Destitution du Président de la République : la proposition de LFI a-t-elle une chance d’aboutir ?
Dernière modification : 21 août 2024
Auteur : Guillaume Baticle, doctorant en droit public
Relecteur : Bertrand-Léo Combrade, professeur de droit public à l’Université de Poitiers
Liens d’intérêts ou fonctions politiques déclarés des intervenants à l’article : aucun
La destitution du Président de la République est possible, si la proposition de La France Insoumise emporte un large consensus chez les députés et les sénateurs, ce qui rend l’entreprise difficile.
Presque un mois depuis la démission du gouvernement de Gabriel Attal sans qu’aucun nouveau gouvernement n’ait été nommé par Emmanuel Macron. C’en est trop pour La France Insoumise (LFI) qui annonce engager une procédure de destitution à l’encontre du Président de la République. Comment fait-on pour destituer un Président ?
Une procédure qui requiert un large consensus
La destitution du Président de la République est prévue à l’article 68 de la Constitution et intervient si le Président commet un « manquement à ses devoirs manifestement incompatibles avec l’exercice de son mandat ». Cela peut concerner un comportement politique ou privé, qui entacherait la dignité de la fonction du chef de l’État.
Une loi organique précise la mise en œuvre de l’article 68 : un dixième des membres de l’Assemblée nationale (soit 57 députés) ou un dixième des membres du Sénat (soit 35 sénateurs) déposent une proposition de réunion du Parlement en Haute Cour devant leurs chambres respectives.
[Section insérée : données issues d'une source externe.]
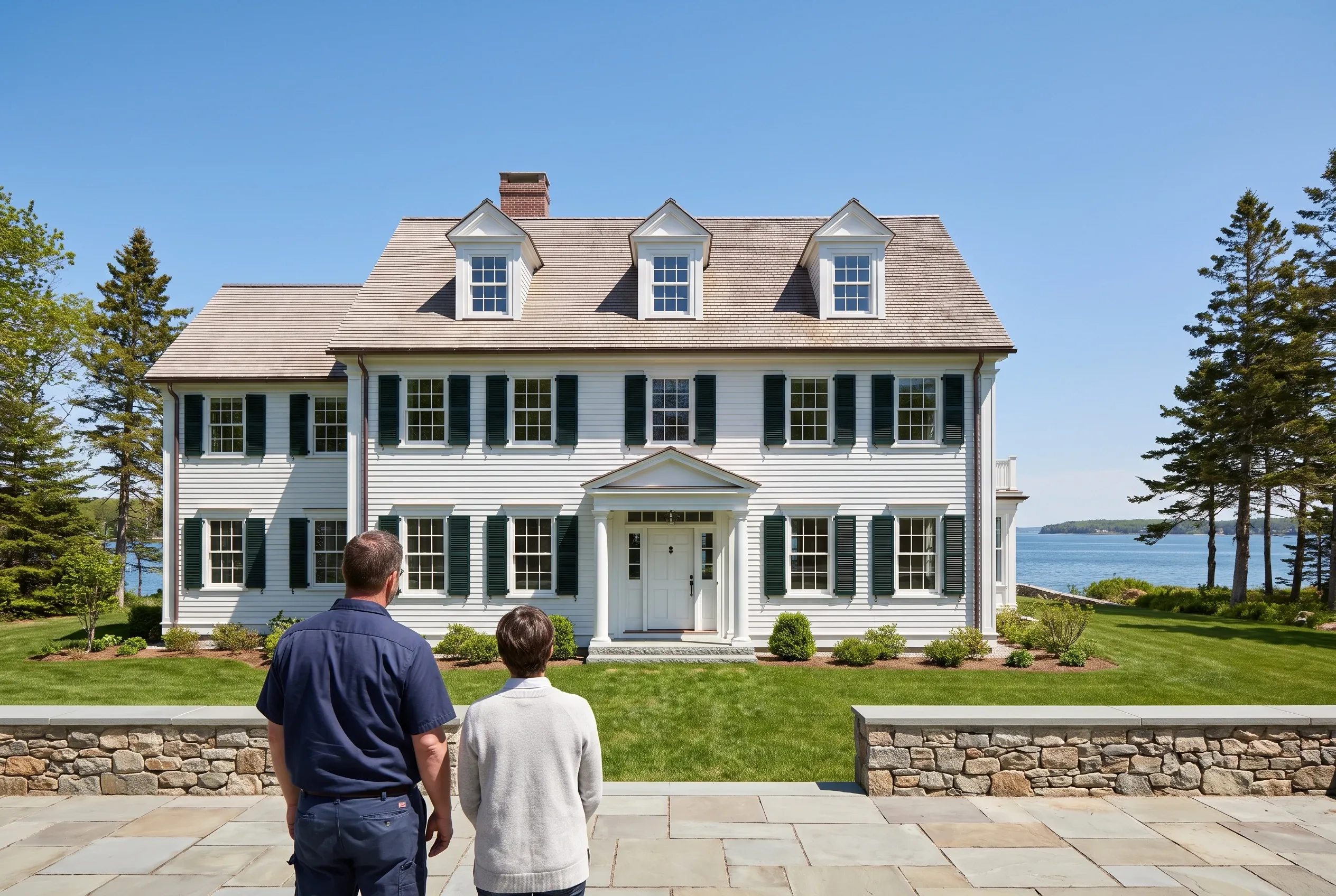 White Colonial in Falmouth, Maine: Two people standing on a patio viewing a two-story white house with black shutters, three dormers, and a brick chimney, surrounded by evergreen trees and water views.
Si cette chambre adopte la proposition à la majorité des deux tiers, c’est à l’autre chambre du Parlement de se prononcer. Si l’autre chambre n’adopte pas la proposition, la procédure s’arrête. Mais si elle l’adopte aussi aux deux tiers, le Parlement se réunit en Haute Cour. Autant dire que la proposition doit faire consensus aussi bien à l’Assemblée nationale qu’au Sénat.
Une fois réuni en Haute Cour, le Parlement doit adopter, encore à la majorité des deux tiers, la destitution du chef de l’État. Il faut noter que cette sanction est purement politique et non pénale, le Président de la République jouissant d’une immunité pénale et administrative durant son mandat.
Du fait de son irresponsabilité pénale, le Président ne peut être poursuivi judiciairement après la fin de son mandat pour des faits commis pendant ses fonctions. Seule réserve, il peut être poursuivi si ces actes relèvent de la compétence de la Cour pénale internationale (génocide, crime contre l’humanité ou crime de guerre).
Des tentatives jamais abouties
Ce ne sera pas la première fois que l’article 68 sera mis en œuvre. En 2001, une pétition d’élus de gauche avait été déposée pour demander la destitution du Président de la République Jacques Chirac. En 2016, c’était au tour de la droite de déposer une proposition pour destituer le Président François Hollande, accusé de violation du secret de la défense nationale dans le cadre de la lutte contre le terrorisme.
À ne pas confondre avec la Cour de Justice de la République
Le Parlement réuni en Haute Cour ne doit pas être confondu avec la Cour de Justice de la République, une juridiction spéciale qui juge les membres du Gouvernement pour des faits commis dans le cadre de leurs fonctions, comme ce fut le cas pour Eric Dupond-Moretti, Garde des Sceaux, en fin d’année 2023.